El origen de la presunta estafa no se ubicó en oficinas formales ni en estructuras empresariales visibles, sino en un entorno cotidiano: una cafetería dentro de un centro comercial del municipio.
El proyecto comenzó a captar a sus primeros “inversionistas”; sin embargo, el aumento acelerado de personas y dinero obligó a sus responsables a abandonar el sitio.
La operación se trasladó a una vivienda en la residencial Manantial, donde funcionó la supuesta empresa de inversiones Unifín, ahora señalada como piramidal y sin respaldo legal ni supervisión financiera.
Vecinos identificaron la vivienda como la casa de Romel Galo, quien, según relataron, reside en la zona desde hace aproximadamente dos años.
En la misma vivienda operó Unifín desde noviembre del año pasado, pero fue a partir de enero cuando el flujo diario de personas que entregaban o retiraban dinero se incrementó de manera exponencial.
El negocio operaba de lunes a sábado, de 8:00 a.m. hasta, en ocasiones, las 10:00 p.m., con filas de personas y decenas de vehículos estacionados en las cuadras cercanas.
Según testigos, el dinero permanecía dentro de la vivienda, y al menos cuatro guardias de civil custodiaban el lugar, aunque no se confirmó una estructura operativa formal.
Un vecino relató que un domingo los guardias no estaban y las personas ingresaron a la oficina; Romel Galo, conocido en el sector, permanecía en la vivienda.
Unifín prometía altos rendimientos en poco tiempo, duplicando inversiones de al menos 1,000 lempiras en unos cinco meses.
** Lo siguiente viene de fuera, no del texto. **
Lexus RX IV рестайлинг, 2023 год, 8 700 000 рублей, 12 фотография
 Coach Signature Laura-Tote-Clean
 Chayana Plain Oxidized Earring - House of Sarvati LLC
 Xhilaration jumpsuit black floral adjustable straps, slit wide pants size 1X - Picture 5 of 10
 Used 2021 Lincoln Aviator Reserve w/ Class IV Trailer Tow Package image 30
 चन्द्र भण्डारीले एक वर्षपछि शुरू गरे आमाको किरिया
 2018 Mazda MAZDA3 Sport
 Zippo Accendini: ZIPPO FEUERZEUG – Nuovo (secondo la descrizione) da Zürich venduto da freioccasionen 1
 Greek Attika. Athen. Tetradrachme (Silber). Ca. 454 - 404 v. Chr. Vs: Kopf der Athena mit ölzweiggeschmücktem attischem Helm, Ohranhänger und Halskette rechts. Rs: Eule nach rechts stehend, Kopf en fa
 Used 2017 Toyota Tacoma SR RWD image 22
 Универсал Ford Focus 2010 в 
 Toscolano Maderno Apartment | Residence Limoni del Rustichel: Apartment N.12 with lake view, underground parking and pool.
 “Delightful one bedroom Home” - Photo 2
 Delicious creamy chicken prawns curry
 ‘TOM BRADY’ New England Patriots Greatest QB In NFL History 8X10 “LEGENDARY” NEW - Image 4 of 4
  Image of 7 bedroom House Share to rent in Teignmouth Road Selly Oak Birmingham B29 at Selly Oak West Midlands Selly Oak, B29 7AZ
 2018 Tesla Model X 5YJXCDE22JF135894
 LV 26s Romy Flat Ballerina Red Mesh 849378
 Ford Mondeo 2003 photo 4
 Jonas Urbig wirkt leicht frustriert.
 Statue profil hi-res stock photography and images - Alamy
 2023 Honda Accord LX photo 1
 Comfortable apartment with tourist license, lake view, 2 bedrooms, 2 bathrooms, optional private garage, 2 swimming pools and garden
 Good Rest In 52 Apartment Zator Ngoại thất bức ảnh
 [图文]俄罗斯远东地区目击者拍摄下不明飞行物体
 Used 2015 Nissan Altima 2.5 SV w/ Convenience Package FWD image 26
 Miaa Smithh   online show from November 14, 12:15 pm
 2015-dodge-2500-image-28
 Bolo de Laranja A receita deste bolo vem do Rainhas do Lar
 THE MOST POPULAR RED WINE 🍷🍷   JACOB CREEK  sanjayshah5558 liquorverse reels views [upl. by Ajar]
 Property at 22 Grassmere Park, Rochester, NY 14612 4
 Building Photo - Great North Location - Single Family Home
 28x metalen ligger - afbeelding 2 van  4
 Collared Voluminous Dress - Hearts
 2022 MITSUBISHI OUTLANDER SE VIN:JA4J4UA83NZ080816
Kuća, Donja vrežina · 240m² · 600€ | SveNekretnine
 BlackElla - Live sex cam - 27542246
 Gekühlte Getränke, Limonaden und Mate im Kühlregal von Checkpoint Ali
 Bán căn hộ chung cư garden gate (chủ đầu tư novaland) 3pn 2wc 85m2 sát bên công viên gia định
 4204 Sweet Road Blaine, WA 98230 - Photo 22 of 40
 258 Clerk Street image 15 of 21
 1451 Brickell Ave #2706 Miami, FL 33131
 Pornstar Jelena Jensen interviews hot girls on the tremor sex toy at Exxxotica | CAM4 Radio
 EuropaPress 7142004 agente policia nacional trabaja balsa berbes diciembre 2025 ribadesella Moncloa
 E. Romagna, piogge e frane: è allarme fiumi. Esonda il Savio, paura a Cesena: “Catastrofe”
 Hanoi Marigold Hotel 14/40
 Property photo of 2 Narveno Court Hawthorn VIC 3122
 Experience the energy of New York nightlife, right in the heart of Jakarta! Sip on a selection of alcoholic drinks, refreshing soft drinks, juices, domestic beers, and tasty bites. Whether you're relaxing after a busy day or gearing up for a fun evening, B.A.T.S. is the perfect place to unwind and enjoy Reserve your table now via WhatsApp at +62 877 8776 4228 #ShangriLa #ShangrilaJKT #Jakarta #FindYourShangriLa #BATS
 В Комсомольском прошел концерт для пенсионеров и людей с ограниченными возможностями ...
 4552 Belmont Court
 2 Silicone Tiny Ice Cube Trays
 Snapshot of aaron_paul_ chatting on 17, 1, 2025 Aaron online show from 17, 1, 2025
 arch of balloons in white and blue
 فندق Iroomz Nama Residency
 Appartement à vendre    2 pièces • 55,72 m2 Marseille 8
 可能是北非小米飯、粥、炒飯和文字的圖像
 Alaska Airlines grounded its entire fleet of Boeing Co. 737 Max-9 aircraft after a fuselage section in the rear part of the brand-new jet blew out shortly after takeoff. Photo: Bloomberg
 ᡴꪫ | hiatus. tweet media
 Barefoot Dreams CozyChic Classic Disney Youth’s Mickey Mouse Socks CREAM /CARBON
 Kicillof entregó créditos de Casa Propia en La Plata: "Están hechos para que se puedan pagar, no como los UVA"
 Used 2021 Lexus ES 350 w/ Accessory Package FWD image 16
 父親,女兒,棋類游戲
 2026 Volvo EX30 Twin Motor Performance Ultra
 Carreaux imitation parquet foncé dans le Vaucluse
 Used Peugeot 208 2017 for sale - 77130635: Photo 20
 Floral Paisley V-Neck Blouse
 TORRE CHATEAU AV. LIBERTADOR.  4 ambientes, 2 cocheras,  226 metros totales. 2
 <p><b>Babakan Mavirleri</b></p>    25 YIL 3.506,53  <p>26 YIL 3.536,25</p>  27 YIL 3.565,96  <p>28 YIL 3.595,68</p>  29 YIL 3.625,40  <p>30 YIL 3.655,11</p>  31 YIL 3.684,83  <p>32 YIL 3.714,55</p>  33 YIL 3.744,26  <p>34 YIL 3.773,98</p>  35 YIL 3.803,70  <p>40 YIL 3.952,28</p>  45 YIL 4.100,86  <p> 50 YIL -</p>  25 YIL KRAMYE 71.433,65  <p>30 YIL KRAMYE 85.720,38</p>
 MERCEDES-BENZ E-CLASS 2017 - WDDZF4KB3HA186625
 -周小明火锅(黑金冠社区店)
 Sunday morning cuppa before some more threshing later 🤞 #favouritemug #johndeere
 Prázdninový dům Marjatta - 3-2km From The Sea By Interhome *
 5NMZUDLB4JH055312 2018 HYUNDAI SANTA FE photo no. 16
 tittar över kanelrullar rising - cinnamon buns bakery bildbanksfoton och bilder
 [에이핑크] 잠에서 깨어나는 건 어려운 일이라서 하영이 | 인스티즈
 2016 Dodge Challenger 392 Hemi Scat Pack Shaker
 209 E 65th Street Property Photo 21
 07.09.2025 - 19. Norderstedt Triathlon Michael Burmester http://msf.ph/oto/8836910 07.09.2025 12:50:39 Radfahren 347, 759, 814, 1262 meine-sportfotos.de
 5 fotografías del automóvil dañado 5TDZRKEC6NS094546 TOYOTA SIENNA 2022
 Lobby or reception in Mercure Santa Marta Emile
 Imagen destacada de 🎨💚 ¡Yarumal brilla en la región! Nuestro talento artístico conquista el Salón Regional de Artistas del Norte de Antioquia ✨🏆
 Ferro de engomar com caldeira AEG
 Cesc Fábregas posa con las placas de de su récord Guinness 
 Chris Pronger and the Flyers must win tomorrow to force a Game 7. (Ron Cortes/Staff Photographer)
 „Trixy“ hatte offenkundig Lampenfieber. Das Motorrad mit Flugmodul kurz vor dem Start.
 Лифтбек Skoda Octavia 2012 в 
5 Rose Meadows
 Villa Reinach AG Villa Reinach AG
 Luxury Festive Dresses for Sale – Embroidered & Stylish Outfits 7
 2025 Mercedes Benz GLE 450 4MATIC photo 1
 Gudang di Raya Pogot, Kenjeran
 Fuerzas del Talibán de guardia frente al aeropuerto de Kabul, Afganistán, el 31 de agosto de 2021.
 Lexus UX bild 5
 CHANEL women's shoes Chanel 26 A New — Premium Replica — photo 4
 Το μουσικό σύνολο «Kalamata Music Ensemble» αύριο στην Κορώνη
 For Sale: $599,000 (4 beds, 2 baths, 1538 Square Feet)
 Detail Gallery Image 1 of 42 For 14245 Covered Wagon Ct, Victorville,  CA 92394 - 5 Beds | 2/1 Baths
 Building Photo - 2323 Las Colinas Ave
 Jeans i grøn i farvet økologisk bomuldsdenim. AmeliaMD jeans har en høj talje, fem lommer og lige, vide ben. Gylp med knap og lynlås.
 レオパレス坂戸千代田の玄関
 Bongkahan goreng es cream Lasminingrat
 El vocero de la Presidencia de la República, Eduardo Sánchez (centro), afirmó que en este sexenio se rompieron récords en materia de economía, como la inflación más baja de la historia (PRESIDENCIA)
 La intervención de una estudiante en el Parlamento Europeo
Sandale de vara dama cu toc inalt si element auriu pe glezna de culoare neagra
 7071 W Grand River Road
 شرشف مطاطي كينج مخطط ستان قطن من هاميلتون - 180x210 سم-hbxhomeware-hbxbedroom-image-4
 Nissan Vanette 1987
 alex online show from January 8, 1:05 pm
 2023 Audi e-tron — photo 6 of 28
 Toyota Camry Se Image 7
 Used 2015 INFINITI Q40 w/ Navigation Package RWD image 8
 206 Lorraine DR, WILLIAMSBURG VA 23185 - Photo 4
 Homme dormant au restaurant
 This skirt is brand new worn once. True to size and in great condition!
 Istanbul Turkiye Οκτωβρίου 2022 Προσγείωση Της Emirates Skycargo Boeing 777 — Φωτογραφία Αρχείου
Los participantes entregaban dinero en efectivo y recibían ganancias cada siete semanas, guiados por una aplicación en su teléfono que indicaba cuándo cobrar.
El esquema, típico de estafas piramidales, dependía de nuevos “inversionistas” para pagar a los anteriores, hasta que finalmente colapsó. Las autoridades policiales iniciaron acciones tras los primeros indicios públicos del caso.